Where Can Consumers and Farmers Find Objective Information About Low-Chem Agricultural Products?

2010 has been designated the UN’s International Year of Biodiversity – a celebration of life on earth and of the value of biodiversity for our lives.

In the context of climate change and the pressure on the planet’s resources it’s an important moment for us all, nowhere more than in the issues of food scarcity and security and the challenge to produce more to feed the world’s growing population.

We want as consumers to be sure that the food we’re buying is safe and healthy for our families. More and more we are changing our shopping habits to take account of issues like our carbon footprints and fair trade.

One difficulty for consumers is finding sources of genuinely objective information about how our food is produced, farming methods and the new bio-technologies that are argued to be essential to increasing food production and pest control in a sustainable way.

Because most human activities, including food production and supply, are businesses driven by the need to make a profit, it’s not surprising that there should be a degree of competition and therefore confidentiality about the details of the new low-chem agricultural products companies are developing and a degree of promotion to sell them.
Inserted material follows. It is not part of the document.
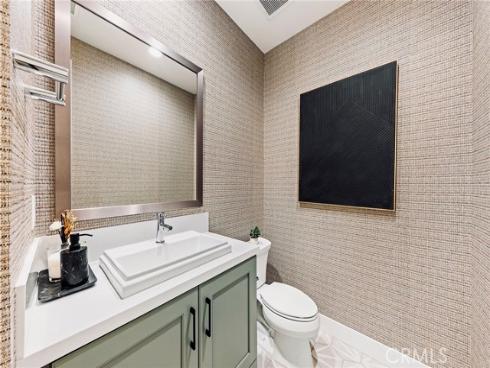 134  Aspect  , Irvine, CA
The research and development of such products is, after all, expensive when you add up the cost of several trials and the long process of getting them registered for use in more than one country, each with its own regulatory process.

We are bound to be told they are safer, better and more environmentally friendly but how can we be sure this is the truth? What sources of objective information are there?

There’s a valuable, not for profit, scientific and research organisation with headquarters in Wallingford, Oxfordshire, UK, which is dedicated to information sharing.

The mission statement on its website describes it a science-based development and information organization, improving people’s lives by providing information and applying scientific expertise to solving problems in agriculture and the environment.

It’s perhaps not as high profile as some of the big environmental campaigning or agrochemical research organisations but it’s actually celebrating its 100th anniversary this year.

It’s called CABI, (the Commonwealth Agricultural Bureaux International) and it focuses on improving food security, protecting biodiversity, helping farmers and providing information. There are CABI centres in China, India, Kenya, Malaysia, Pakistan, Switzerland, Trinidad and Tobago, UK and the USA and projects in more than 70 countries on the basis that farmers in the developed world face the same problems as subsistence and smallholder farmers in developing countries – pests and diseases, access to markets, access to quality seeds, credit, the best way to process produce.

It aims to help farmers grow more and lose less by improving crop yields, safeguarding the environment and improving access to agricultural and environmental scientific knowledge.

This includes helping them improve their crops by introducing natural or ‘bio’ pesticides and sustainable techniques such as integrated pest management as well as advising on trade and quarantine issues.

It has expertise in agriculture, animal and veterinary sciences, environmental sciences, human health, food and nutrition, leisure and tourism, microbiology and parasitology, and plant sciences.

CABI also manages one of the world’s largest genetic resource collections, the UK’s National Collection of Fungus Cultures, conducts microbiological identifications, provides cultures for sale, and offers preservation and consultancy services.

It offers a range of microbial services to businesses, academic institutions, agriculture and government departments worldwide. Customers come from industries including food and drink, medicine, research and environmental conservation.

Perhaps CABI’s range of activities indicates that there is at least one place where consumers can get objective information on the production of the foods the only get to see when they’re one the store shelves.